Shaping citizens’ well-being
“There’s a big leap from where we are to where we need to get to,” according to Stoll. “City leaders have a responsibility here because we know that whatever way we design our cities and with whatever opportunities we give citizens to move around, we can actually shape their well-being, their happiness and social cohesion.”
Stoll said there were many ways to bring “the most marginalized” parts of the population on this journey. “It’s absolutely paramount that we take care of those that breathe the worst air because they live in the most polluted places,beside the worst roads, the most congested roads.”
Elke Van den Brandt, the Mobility Minister for the city of Brussels, said policy makers needed to create more public spaces “in which people feel welcome, in which they feel safe and which are healthy”.

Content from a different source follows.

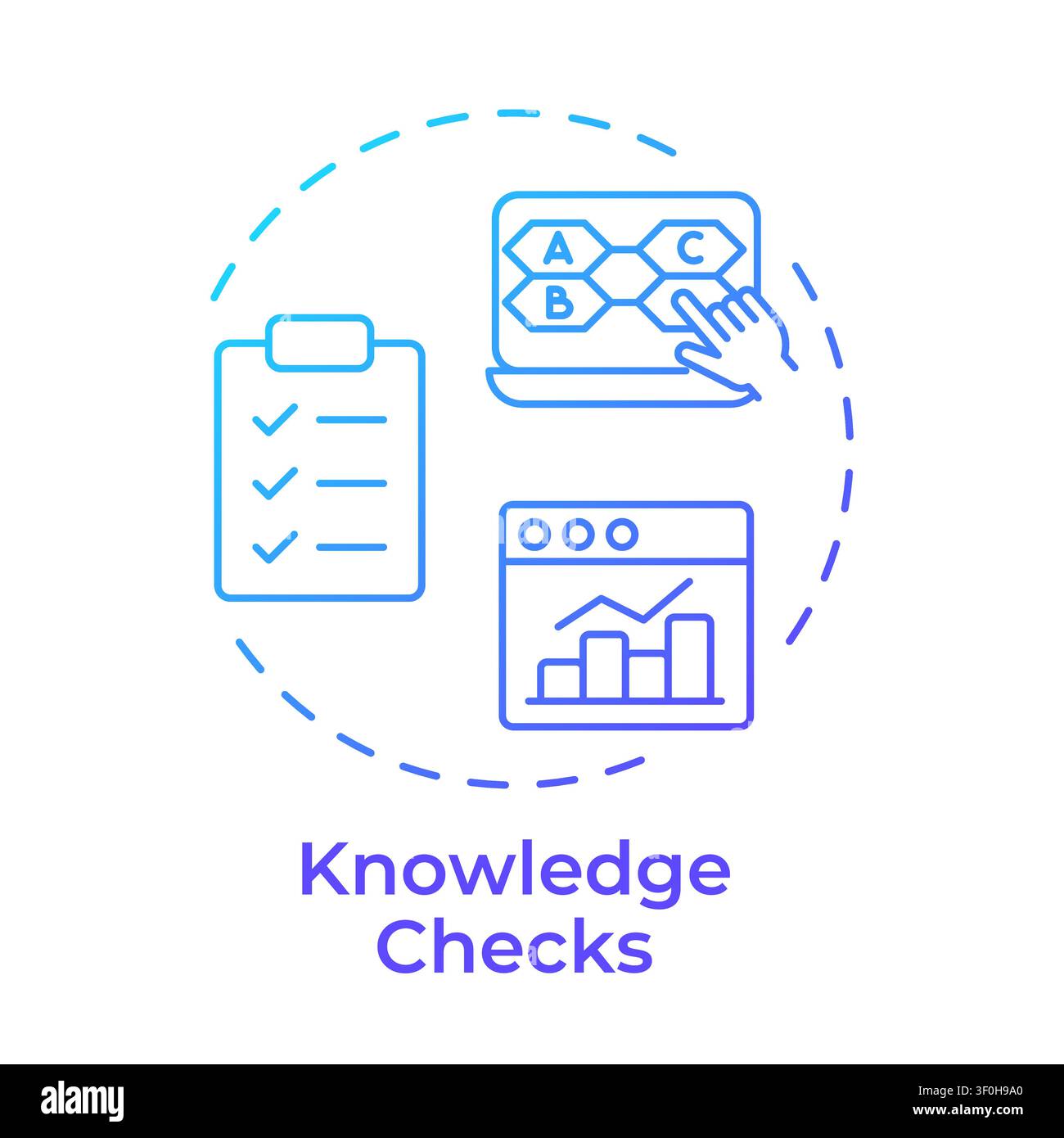 Knowledge checks blue gradient concept icon Stock Vector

While this approach represented a paradigm shift for many mobility experts, it was necessary to take the leap, she said. “Social inclusion doesn’t happen by itself.”
An inclusive transition
Several government initiatives have been implemented aimed at inclusion in the mobility transition. For example, a French government leasing scheme to allow poorer families access to electric vehicles at affordable prices.
The program was oversubscribed within weeks of being launched early this year, and paused after 50,000 agreements were signed.

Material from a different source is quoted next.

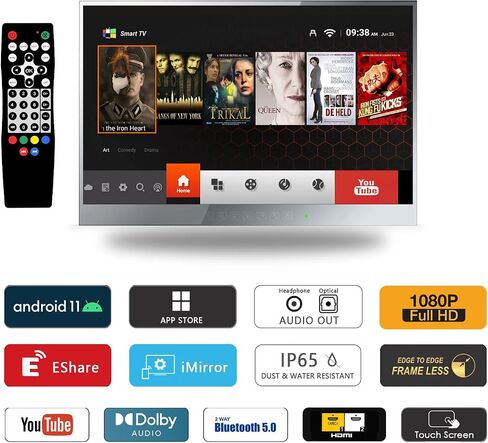 elecsung 32 بوصة تلفزيون ذكي بمرآة للحمام، لوحة لمس كاملة الشاشة 1080P IP66 مقاومة للماء نظام أندرويد 11.0 مع واي فاي وبلوتوث، M32-TS، موديل 2023 in Kuwait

The government said it may renew the scheme in 2025. “There is progress at the political level,” said Sebastien Bailleul, Director of Institutional and European Relations at Wimoov, an association for inclusive mobility.
Mobility as a right
A mobility framework law in France, for example, for the first time stated in 2020 that
“mobility is a right for everybody”, he told the Mobility Times.

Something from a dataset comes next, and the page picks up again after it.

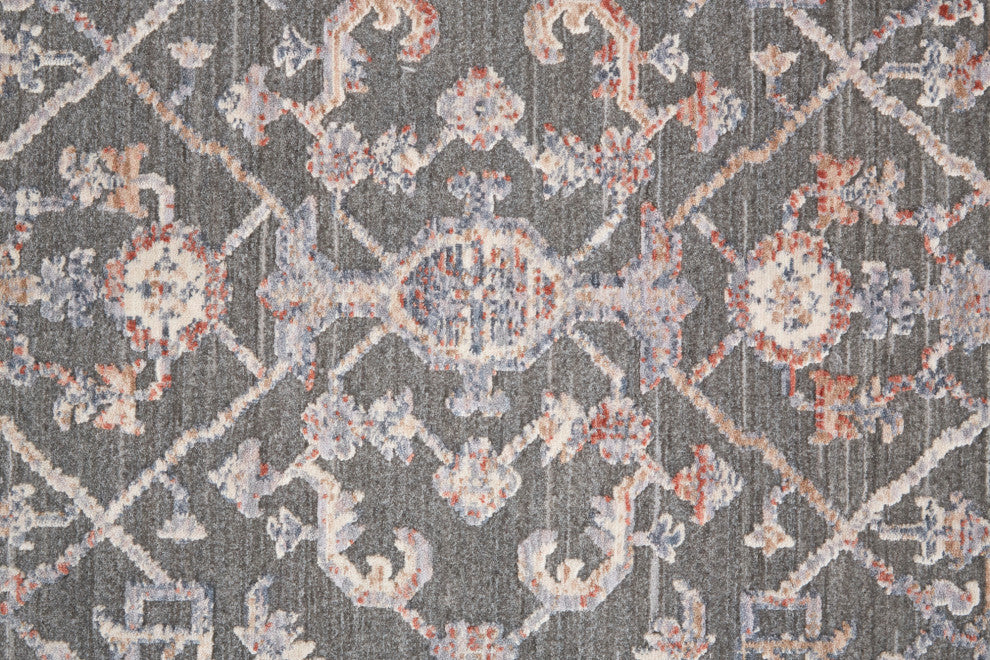 Weave & Wander Sybil Transitional Oriental Style Rug, Charcoal/Blue/Red, 7' - 10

Isabel Garcia Munoz, a European Parliament deputy, said she too believed that “mobility has to be a universal right, one that is a crucial precursor for the access to other basic rights, such as housing, work, education and health”. Garcia Munoz said there is a “conditionality” between efficient transport and well-planned infrastructure. “Without them, social cohesion simply doesn’t exist.” she said.
“We should invest in public transportation, improve the quality and the frequency of services, and engage citizens in using more sustainable transport solutions,” she said. Authorities should also introduce “cohesion proofing” into all transport policy decisions.
Successful grassroots action
Meanwhile, the process can also go “in the other direction”, where grassroots action for social cohesion fosters better mobility, remarked philosopher, economist and activist
Philippe Van Parijs.
“I spent literally hundreds of hours on two initiatives that ended up being successful and that are closely related to mobility,” Brussels-based Van Parijs told the Mobility Times.
One was the transformation of a five-lane motorway running through the European quarter in Brussels to make more space for cyclists and pedestrians, and the other an invitation to a movement of “civil disobedience” by organizing
picnics on the busy urban motorway that used to cross the centre of Brussels, which resulted eventually in its being pedestrianised. “It took a lot of lobbying, a lot of persistence with a group of young people supporting it and some courage on the part of the people in power,” Van Parijs said. “We had to persist, but in the end we got it.”